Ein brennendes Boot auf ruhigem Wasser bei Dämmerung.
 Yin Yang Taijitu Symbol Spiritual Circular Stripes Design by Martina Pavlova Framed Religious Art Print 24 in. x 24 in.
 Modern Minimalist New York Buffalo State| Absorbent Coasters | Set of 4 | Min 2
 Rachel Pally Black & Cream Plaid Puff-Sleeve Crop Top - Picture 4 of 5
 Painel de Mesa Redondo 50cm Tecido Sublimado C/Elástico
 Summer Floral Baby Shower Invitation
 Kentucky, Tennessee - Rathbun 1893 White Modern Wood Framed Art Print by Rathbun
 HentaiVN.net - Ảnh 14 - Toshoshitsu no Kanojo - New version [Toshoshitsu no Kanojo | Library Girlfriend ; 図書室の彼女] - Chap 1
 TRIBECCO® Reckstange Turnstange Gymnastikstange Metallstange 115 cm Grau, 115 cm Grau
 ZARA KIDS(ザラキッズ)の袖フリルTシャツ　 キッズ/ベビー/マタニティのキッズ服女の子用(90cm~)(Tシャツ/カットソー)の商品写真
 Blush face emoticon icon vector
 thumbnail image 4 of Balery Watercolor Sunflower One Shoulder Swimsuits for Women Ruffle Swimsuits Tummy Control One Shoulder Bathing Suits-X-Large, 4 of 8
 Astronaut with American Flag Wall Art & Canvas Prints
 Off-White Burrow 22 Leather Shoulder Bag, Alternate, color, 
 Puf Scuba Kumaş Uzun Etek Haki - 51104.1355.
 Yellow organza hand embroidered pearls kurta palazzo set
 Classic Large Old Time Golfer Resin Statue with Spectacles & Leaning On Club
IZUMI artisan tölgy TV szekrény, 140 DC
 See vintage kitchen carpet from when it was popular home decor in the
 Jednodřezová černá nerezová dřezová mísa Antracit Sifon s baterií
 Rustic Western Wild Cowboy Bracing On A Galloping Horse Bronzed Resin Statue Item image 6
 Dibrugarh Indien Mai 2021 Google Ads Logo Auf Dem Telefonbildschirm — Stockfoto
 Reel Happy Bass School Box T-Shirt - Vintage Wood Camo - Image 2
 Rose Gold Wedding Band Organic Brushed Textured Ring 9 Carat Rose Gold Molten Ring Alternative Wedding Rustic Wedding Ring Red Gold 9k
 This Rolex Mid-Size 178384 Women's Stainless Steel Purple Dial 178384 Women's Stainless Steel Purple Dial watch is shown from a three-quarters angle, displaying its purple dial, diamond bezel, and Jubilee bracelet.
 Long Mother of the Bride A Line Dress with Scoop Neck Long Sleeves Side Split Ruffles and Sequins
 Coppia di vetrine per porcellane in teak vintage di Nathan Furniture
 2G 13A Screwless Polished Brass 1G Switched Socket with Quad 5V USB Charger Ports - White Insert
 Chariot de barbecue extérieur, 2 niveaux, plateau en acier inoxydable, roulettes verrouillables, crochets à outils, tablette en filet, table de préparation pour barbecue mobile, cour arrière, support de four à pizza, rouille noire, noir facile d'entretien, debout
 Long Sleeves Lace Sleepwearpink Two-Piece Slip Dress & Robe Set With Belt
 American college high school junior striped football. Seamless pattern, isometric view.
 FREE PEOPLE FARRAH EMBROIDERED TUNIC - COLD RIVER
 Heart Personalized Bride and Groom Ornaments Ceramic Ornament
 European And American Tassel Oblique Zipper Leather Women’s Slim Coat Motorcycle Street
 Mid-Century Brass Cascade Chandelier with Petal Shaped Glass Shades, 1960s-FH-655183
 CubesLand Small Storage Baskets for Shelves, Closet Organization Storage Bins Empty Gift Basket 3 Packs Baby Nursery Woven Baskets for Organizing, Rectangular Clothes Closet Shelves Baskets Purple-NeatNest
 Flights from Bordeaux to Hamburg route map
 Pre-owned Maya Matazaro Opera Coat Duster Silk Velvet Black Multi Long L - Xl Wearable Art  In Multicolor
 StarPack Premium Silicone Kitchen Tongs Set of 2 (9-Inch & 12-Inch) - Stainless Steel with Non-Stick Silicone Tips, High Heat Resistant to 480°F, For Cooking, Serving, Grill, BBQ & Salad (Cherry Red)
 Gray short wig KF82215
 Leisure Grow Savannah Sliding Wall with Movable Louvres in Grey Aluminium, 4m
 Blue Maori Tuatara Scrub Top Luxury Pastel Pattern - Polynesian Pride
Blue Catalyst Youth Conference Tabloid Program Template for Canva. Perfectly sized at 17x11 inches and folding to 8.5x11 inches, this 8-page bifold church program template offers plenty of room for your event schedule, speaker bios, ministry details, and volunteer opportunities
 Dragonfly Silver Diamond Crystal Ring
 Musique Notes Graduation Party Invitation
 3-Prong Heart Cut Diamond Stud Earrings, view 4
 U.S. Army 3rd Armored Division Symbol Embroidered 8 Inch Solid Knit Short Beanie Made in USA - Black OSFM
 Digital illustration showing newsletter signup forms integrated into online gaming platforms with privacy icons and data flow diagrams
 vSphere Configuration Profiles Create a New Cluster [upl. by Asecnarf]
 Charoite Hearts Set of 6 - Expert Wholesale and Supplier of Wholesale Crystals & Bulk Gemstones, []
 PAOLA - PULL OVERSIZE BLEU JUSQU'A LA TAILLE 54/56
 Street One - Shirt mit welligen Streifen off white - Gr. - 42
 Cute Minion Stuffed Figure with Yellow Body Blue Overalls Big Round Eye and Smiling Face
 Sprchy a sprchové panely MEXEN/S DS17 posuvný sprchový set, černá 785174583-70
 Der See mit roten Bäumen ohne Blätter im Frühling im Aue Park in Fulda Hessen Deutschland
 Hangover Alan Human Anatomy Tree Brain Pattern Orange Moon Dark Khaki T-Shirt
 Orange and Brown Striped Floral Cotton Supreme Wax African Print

▸ Your instructions
Within the listing above, extract exactly the lines from the line with "Kentucky, Tennessee - Rathbun" to the line with "Blush face emoticon icon vector", the two named lines included, and no others.

▸ Answer area
 Kentucky, Tennessee - Rathbun 1893 White Modern Wood Framed Art Print by Rathbun
 HentaiVN.net - Ảnh 14 - Toshoshitsu no Kanojo - New version [Toshoshitsu no Kanojo | Library Girlfriend ; 図書室の彼女] - Chap 1
 TRIBECCO® Reckstange Turnstange Gymnastikstange Metallstange 115 cm Grau, 115 cm Grau
 ZARA KIDS(ザラキッズ)の袖フリルTシャツ　 キッズ/ベビー/マタニティのキッズ服女の子用(90cm~)(Tシャツ/カットソー)の商品写真
 Blush face emoticon icon vector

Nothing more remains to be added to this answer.